Первое, что бросилось сейчас в глаза при знакомстве с русским текстом 1916 года – наложенные Шершеневичем на себя цензурные ограничения. Вполне, впрочем, объяснимые. Бенедикт Лифшиц, современник и ревнивый коллега Шершеневича, также чувствовавший себя «культуртрегером», проводником новейшей европейской культуры при «диких самородках» – будетлянах, в своих известных мемуарах «Полутораглазый стрелец» ярко показал двойственность положения, в котором находились в то время молодые русские авангардисты.

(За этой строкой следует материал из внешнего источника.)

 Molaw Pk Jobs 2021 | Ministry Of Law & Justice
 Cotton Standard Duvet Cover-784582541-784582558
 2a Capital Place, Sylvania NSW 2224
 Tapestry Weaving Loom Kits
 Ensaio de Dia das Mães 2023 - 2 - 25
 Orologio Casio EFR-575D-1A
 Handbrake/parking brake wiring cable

С одной стороны, как и положено авангардистам, они осознавали себя не связанными никакими условности эпатажными ниспровергателями:
«Я наблюдал из-за кулис этих офицеров, перед которыми две недели назад должен был бы стоять навытяжку, и предвкушал минуту, когда буду читать им хлебниковское «Крылышкуя золотописьмом тончайших жил». Мне доставляли неизъяснимое удовольствие сумасшедший сдвиг бытовых пропорций и сознание полной безнаказанности, этот однобокий суррогат чувства свободы, знакомый в те годы лишь умалишенным да новобранцам <…>
Блестящая рампа вытянувшихся в одну линию офицерских погонов – единственная осязаемая граница между бедламом подмостков и залом, где не переставал действовать «Устав о наказаниях, налагаемых мировыми судьями»»[39].
Но с другой – и Лифшиц, и, безусловно, Шершеневич, прекрасно видели разницу между Россией и Европой:
«По его [Маринетти – М. В.] словам, ему и его товарищам было очень трудно найти помещение для организованной ими «дирекции». Домовладельцы один за другим расторгали с ними контракты, так как кошачьи концерты, устраиваемые зачинателям футуризма студенческой молодежью, не давали спать остальным жильцам.
– Я был принужден купить дом: иного выхода не было, – заключил свое повествование Маринетти.
«Многие ли из наших маститых писателей, – подумал я, – имеют возможность с такою легкостью устранять препятствия на своем пути? И какая непосредственность нравов сохранилась у них, в их индустриальном Милане: студенты, кошачьи концерты! Кому в России взбрело бы в голову бороться такими способами с футуризмом!»»[40].
Лифшиц, чьи мемуары вышли в Ленинграде в 1933-м году, чуть-чуть недоговаривает, но намек его вполне прозрачен: в России неприятие авангарда во все времена предпочитают выражать не «кошачьим концертами», а апелляцией к «Уставу о наказаниях»…
Шершеневич понимал это не хуже Лифшица; к тому же он был осведомлен о судебном процессе по обвинению в «нарушении общественной нравственности», который Маринетти и «Мафарке» пришлось пережить в конце 1910 – начале 1911 года, сразу по выходе итальянского перевода. Поэтому, готовя русское издание «африканского романа», переводчик-издатель купирует и смягчает наиболее скандальные пассажи – в том числе раблезианскую вставную новеллу о члене героя длиною в 11 локтей, более всего и возмутившую итальянских «мировых судей»[41]. В настоящем издании все эти купюры восстановлены (перевод Александры Калиновской) и, чтобы не нарушать целостности шершеневичевского текста, напечатаны в виде постраничных сносок.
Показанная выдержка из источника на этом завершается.